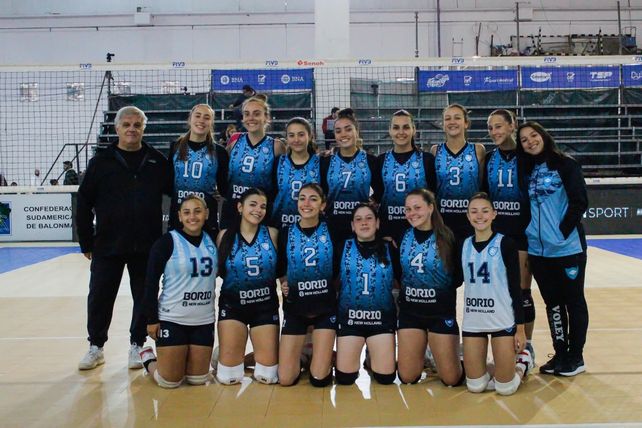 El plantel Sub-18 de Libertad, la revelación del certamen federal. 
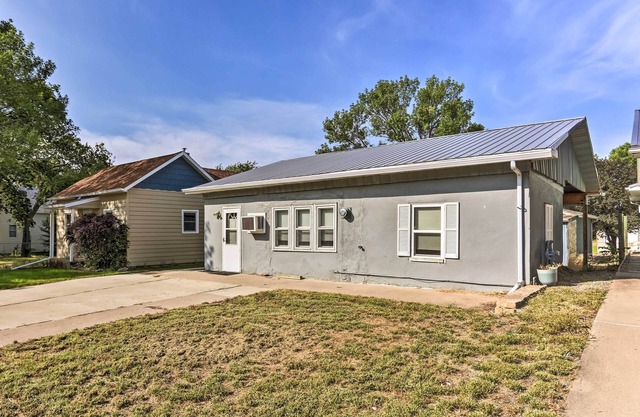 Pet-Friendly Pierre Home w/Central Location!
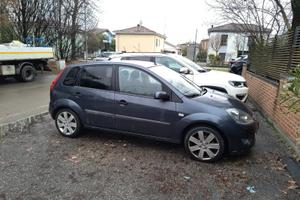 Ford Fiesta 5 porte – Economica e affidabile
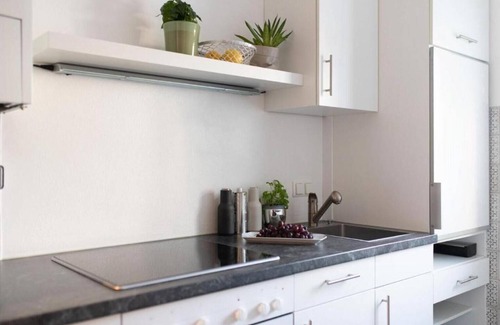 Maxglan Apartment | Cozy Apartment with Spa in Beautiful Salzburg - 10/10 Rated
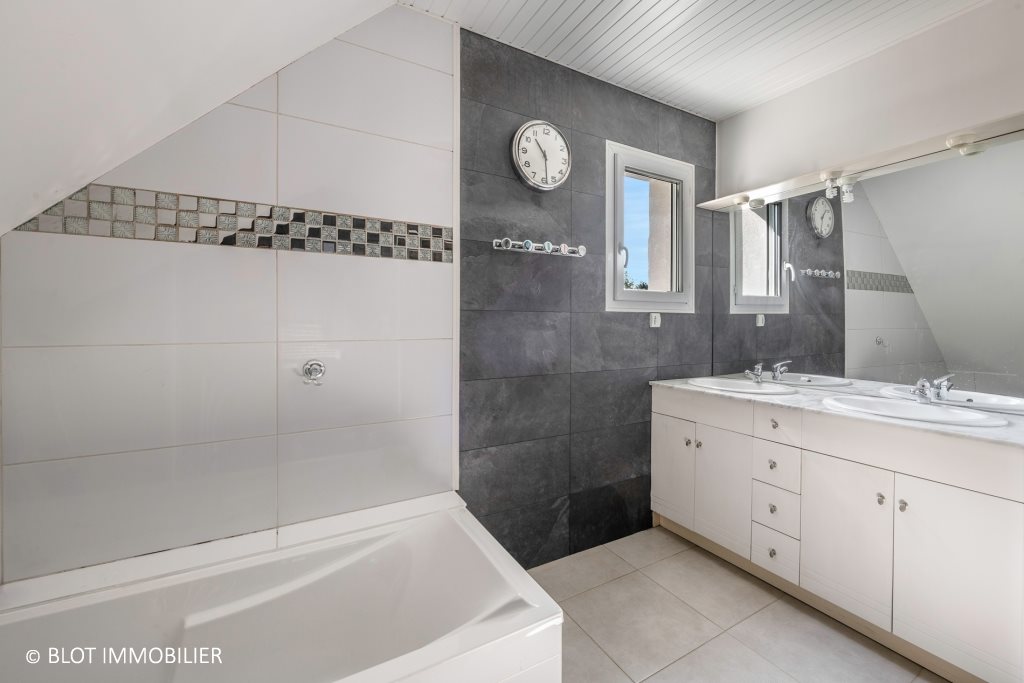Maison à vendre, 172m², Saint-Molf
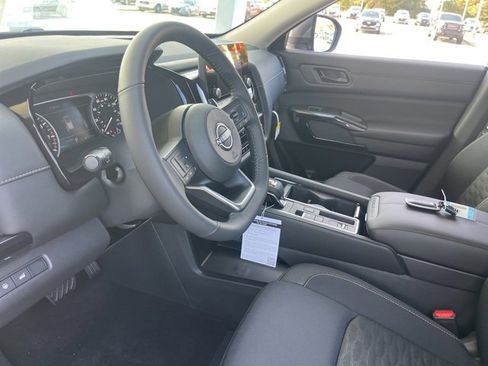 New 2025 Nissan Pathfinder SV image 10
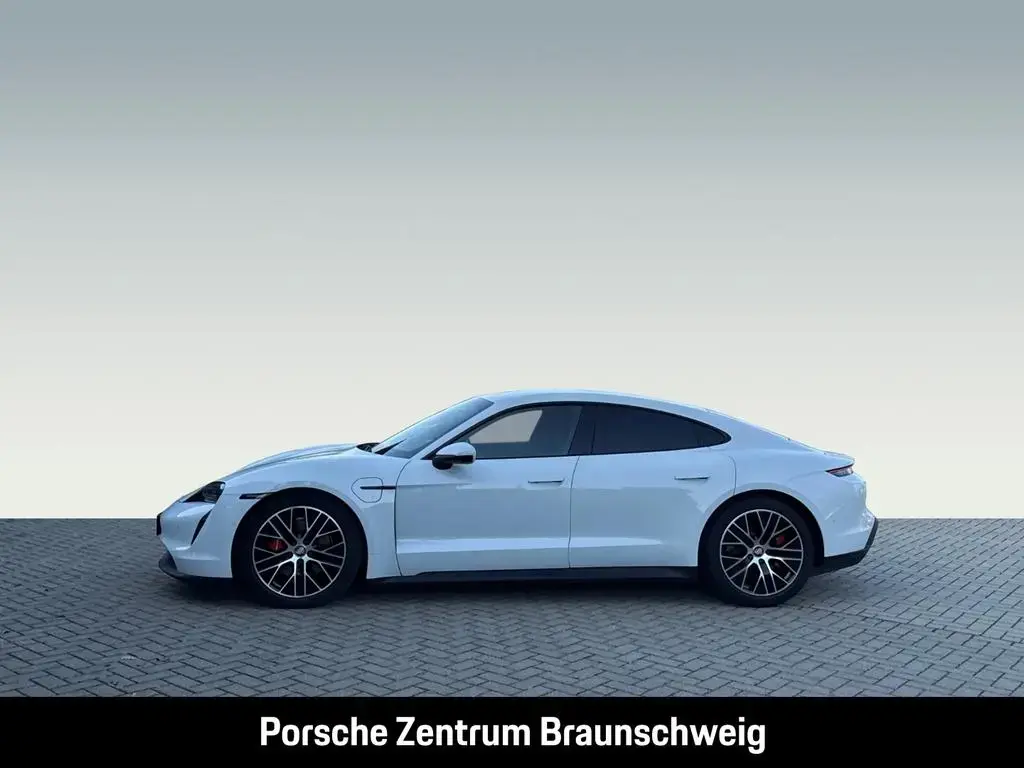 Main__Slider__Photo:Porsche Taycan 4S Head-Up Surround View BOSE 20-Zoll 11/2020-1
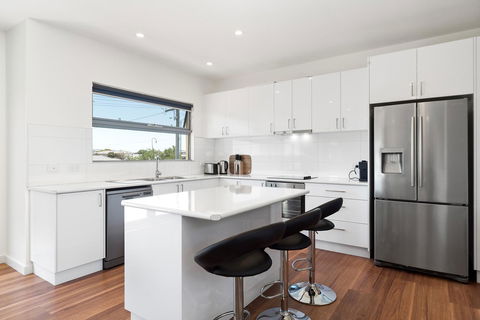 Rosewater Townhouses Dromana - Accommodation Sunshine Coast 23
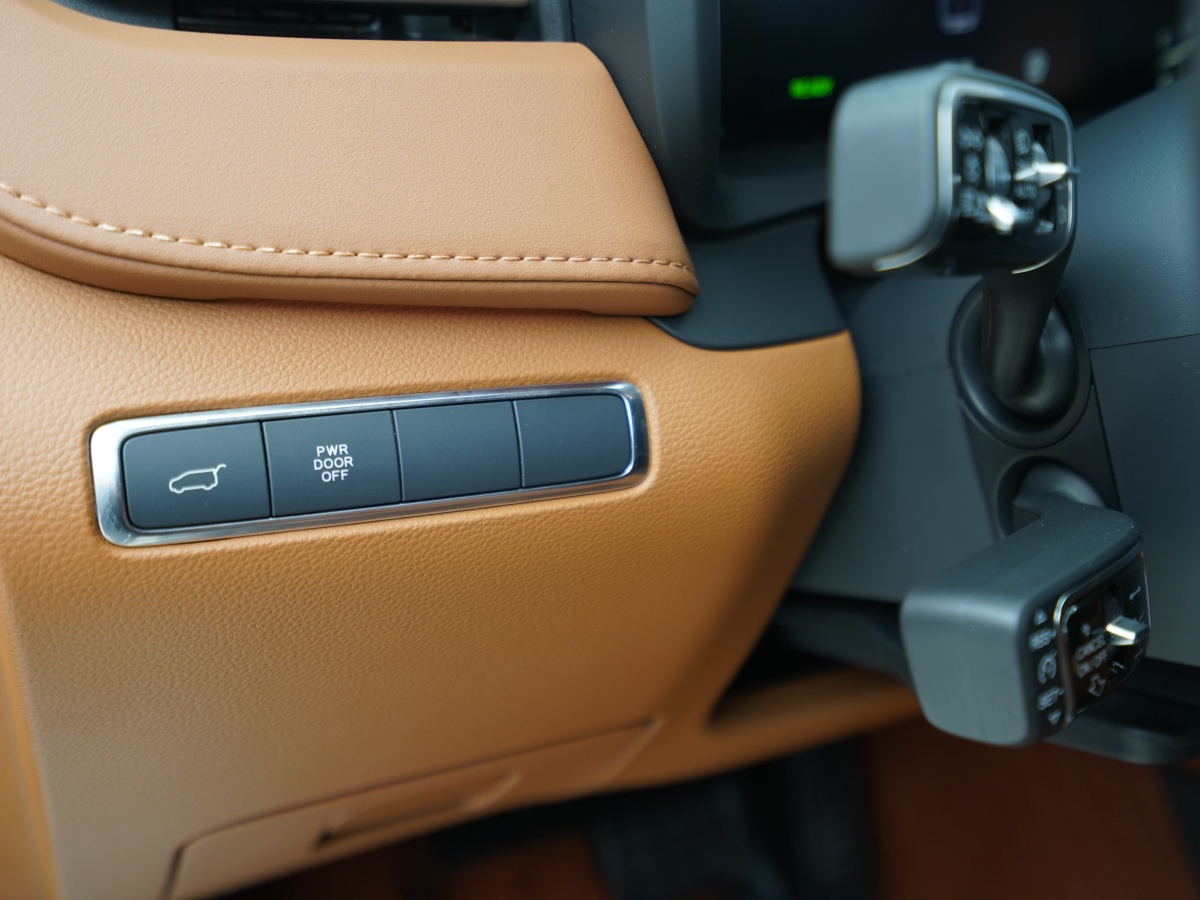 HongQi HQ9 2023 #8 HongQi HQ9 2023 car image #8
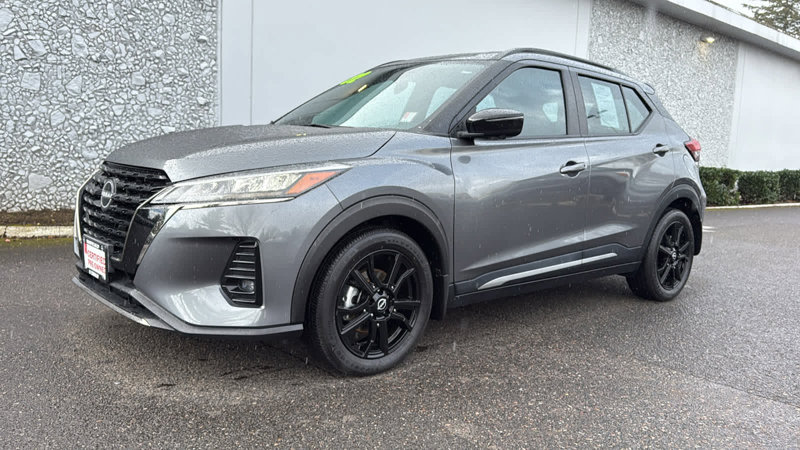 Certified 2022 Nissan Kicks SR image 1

▶ _TASK DESCRIPTION_
Transcribe the listing exactly; skip the pictures.

▶ _RESPONSE FOR THIS EXERCISE_
 El plantel Sub-18 de Libertad, la revelación del certamen federal. 
 Pet-Friendly Pierre Home w/Central Location!
 Ford Fiesta 5 porte – Economica e affidabile
 Maxglan Apartment | Cozy Apartment with Spa in Beautiful Salzburg - 10/10 Rated
Maison à vendre, 172m², Saint-Molf
 New 2025 Nissan Pathfinder SV image 10
 Main__Slider__Photo:Porsche Taycan 4S Head-Up Surround View BOSE 20-Zoll 11/2020-1
 Rosewater Townhouses Dromana - Accommodation Sunshine Coast 23
 HongQi HQ9 2023 #8 HongQi HQ9 2023 car image #8
 Certified 2022 Nissan Kicks SR image 1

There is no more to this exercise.